The Jew had the unspeakable advantage of an outward revelation. He received through Moses the law of God, which showed him what God desired him to be and do, and what he ought to be and do, but which conferred upon him no power for being or doing what it required. It is like a looking-glass placed before a child to show him that his face is soiled, but having no power to cleanse that face. It was like a plumb-line applied to a leaning wall, which shows how far it deviates from the perpendicular, but which has no power to make it upright. Nay, it even comes to pass that in consequence of inbred sin, the law multiplies offences. It causes sin to abound. We find even in most children a disposition that impels them to do and to have just what they are told they must not do and have. That is to say, when the law comes in, inbred sin rises in rebellion against it.

The workings of the sin that dwelleth in us is most vividly described by Paul in the seventh chapter of Romans. Over the real meaning of this chapter, there has been much discussion and wide differences of opinion. Some writers think that this is the best experience of the great apostle of the Gentiles, and they draw consolation from this fact, as well as argument, in favor of continuing to sin in thought and word and deed as long as they live. Others think that the apostle is not here describing a Christian experience at all, but the struggles of a Jew who is seeking the favor of God by keeping His law, but finds his attempts to keep it all in vain, the hindrance being inbred sin. I freely admit that it is not what even a justified experience ought to be, for God has assured us through His apostle, John, that He that is born of God doth not commit sin, and, therefore, notwithstanding the presence of inbred sin in the heart of the justified and regenerated believer, yet such a one, by watchfulness and prayer, may be kept from acts of sin and from becoming a backslider. But in point of fact, the seventh of Romans does describe what, in many cases, is the experience of the converted Christian.
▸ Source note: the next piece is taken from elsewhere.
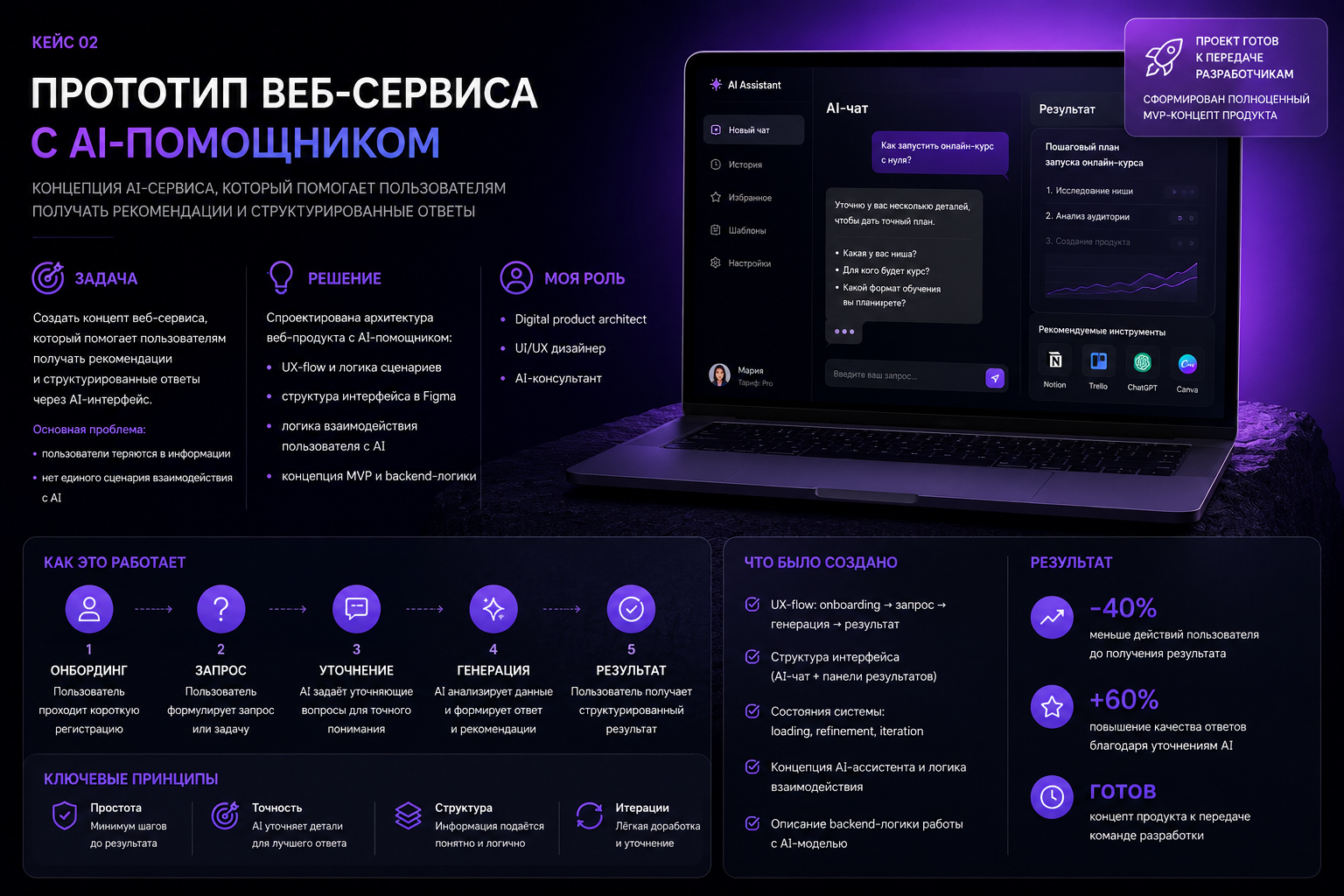 Проектирование AI-веб-сервиса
For there are many who even after a clear conversion and a joyful sense of God’s favor, with the witness of the Spirit to their adoption, yet do yield to temptation under the pressure of inbred sin, and so pass weeks, or months or weary years in what is called an up-and-down experience, not becoming confirmed backsliders, but sinning and repenting, delighting in the law of God after the inward man, but often yielding to the demands of the law of sin, which is in their members, not losing their sonship, but losing their communion and their joy, often like Peter weeping bitterly over their transgressions, but finding that while the spirit is willing, the flesh is weak.

I said that such a process, unsatisfactory as it is, might go on for years. It ends either in complete religious declension amounting, sometimes, to apostacy on the one hand, or infinitely better, in the entire sanctification of the heart and complete deliverance from inbred sin. And in these days of enlightenment, when the doctrine and experience of holiness are so plainly taught, and so generally diffused among the children of God, it is, at least, doubtful whether a soul can continue long in a state of justification, which means that it will either go forward to the experience of entire sanctification, or else it will fall into back-sliding as did some of the Corinthians, or into legality as did the Galatians.

Now, legality is nothing more nor less than Judaism. It is seeking salvation after the pattern of the Old Testament, and not after that of the New. It is a matter of works, and not a matter of faith. It inquires “What good thing shall I do that I may inherit eternal life?” It is the child of the bondwoman and not that of the free. It is Ishmael and not Isaac. It is Sinai and not Calvary.